Genome-Wide Screen Reveals New Tricks Of Old Genes
Process shows how mounds of data can be effectively managed
Johns Hopkins scientists have successfully used new techniques to search the yeast genome for genes that help keep copied chromosomes together, protecting the integrity of the organism's genetic material during cell division.
By combining two genome-wide screens, the researchers were able to narrow down the dozens of genes identified by the first screen to just 17 that made both cut-offs -- a number small enough to be cost- and time-efficient to consider in some detail. Their report appears in the April issue of Molecular Biology of the Cell.
"Data created from new genome-scanning techniques can be overwhelming. Reading all there is to know about 50 genes to figure out what new knowledge may be lurking in the haystack is very difficult," says Forrest Spencer, Ph.D., associate professor in Hopkins' McKusick-Nathans Institute of Genetic Medicine. "But by overlapping information from two screens, we were able to figure out what Mother Nature was trying to tell us that wasn't too complicated for us to understand."

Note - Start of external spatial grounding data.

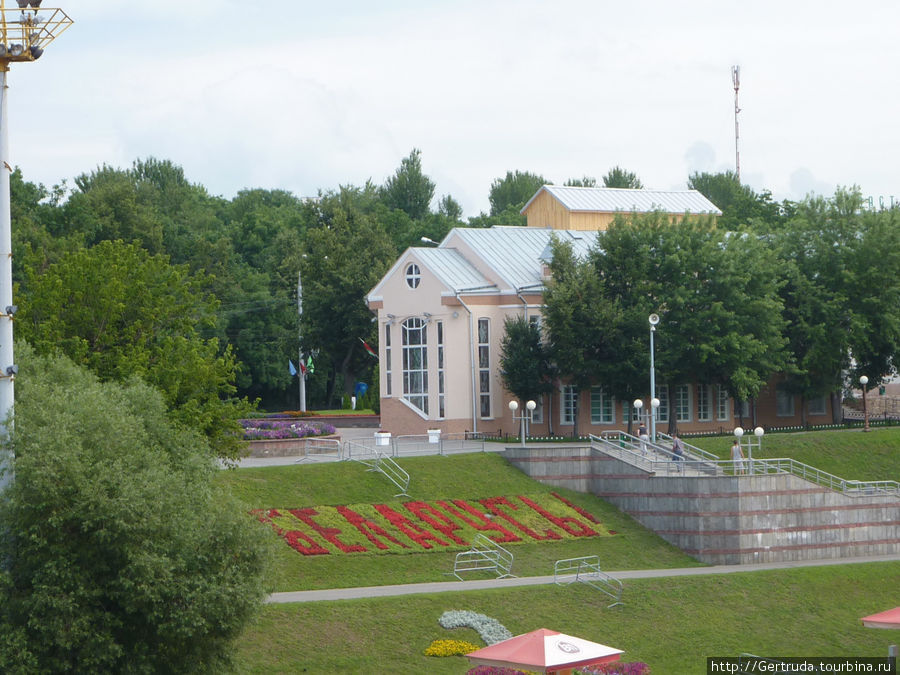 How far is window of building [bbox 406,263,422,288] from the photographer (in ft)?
168

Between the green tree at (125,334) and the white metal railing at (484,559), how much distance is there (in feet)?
21.7

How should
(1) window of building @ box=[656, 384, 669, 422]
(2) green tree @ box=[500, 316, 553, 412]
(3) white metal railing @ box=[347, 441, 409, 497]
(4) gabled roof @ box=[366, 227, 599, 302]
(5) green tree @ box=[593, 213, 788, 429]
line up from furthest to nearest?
(1) window of building @ box=[656, 384, 669, 422]
(4) gabled roof @ box=[366, 227, 599, 302]
(2) green tree @ box=[500, 316, 553, 412]
(5) green tree @ box=[593, 213, 788, 429]
(3) white metal railing @ box=[347, 441, 409, 497]

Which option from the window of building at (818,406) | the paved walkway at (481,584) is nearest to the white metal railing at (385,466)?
the paved walkway at (481,584)

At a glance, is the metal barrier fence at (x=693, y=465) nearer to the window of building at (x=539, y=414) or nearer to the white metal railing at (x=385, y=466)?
the white metal railing at (x=385, y=466)

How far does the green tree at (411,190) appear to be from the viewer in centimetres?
10331

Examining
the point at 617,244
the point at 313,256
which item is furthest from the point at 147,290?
the point at 313,256

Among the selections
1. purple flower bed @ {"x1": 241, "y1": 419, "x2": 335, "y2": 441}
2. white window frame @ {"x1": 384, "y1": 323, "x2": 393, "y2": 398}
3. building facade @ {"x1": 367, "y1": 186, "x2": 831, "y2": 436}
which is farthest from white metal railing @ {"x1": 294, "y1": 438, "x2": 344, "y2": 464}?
white window frame @ {"x1": 384, "y1": 323, "x2": 393, "y2": 398}

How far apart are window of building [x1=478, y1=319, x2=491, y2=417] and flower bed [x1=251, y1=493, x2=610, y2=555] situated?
11652mm

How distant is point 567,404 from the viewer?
5103 cm

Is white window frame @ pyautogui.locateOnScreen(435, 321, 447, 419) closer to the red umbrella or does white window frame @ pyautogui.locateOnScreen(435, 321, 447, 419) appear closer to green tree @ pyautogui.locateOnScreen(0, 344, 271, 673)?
the red umbrella

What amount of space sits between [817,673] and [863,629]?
17.0 ft

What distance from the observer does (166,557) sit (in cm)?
2048

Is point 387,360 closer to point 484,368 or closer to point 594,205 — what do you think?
point 484,368

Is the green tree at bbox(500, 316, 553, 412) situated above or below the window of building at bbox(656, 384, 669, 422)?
above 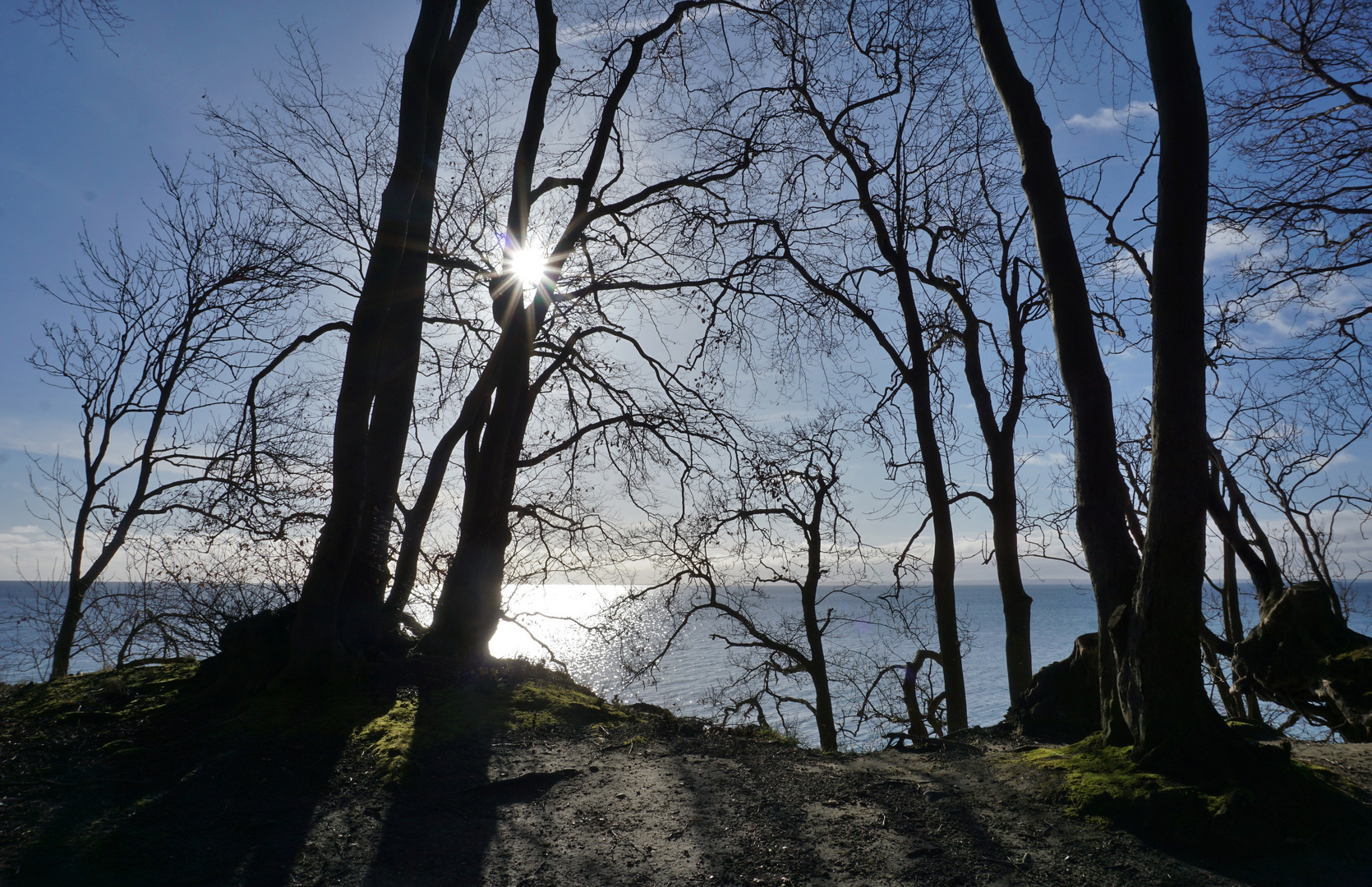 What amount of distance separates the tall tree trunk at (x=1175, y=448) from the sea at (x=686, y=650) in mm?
3897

While the researchers had hoped their screens would reveal new genes and their functions, they instead identified genes previously linked to two other aspects of shepherding genetic material during cell division. Fifteen of the highlighted genes were already known to help ensure the accuracy of copied DNA and two help move chromosomes to opposite ends of the dividing cell.
But the researchers' results give these "old" genes new jobs, associating them with cohesion, the little-understood process of keeping a chromosome and its copy together until the cell is ready to split in two. If the "sister" chromosomes aren't kept together, both copies could end up on one side of the dividing cell. Another problem is that the copies could undergo extra rearrangements, risking loss of important genes.
"If there's no cohesion, the cell will die," says Spencer. "However, if the process sometimes works and sometimes doesn't, some cells survive but their genetic material gets scrambled."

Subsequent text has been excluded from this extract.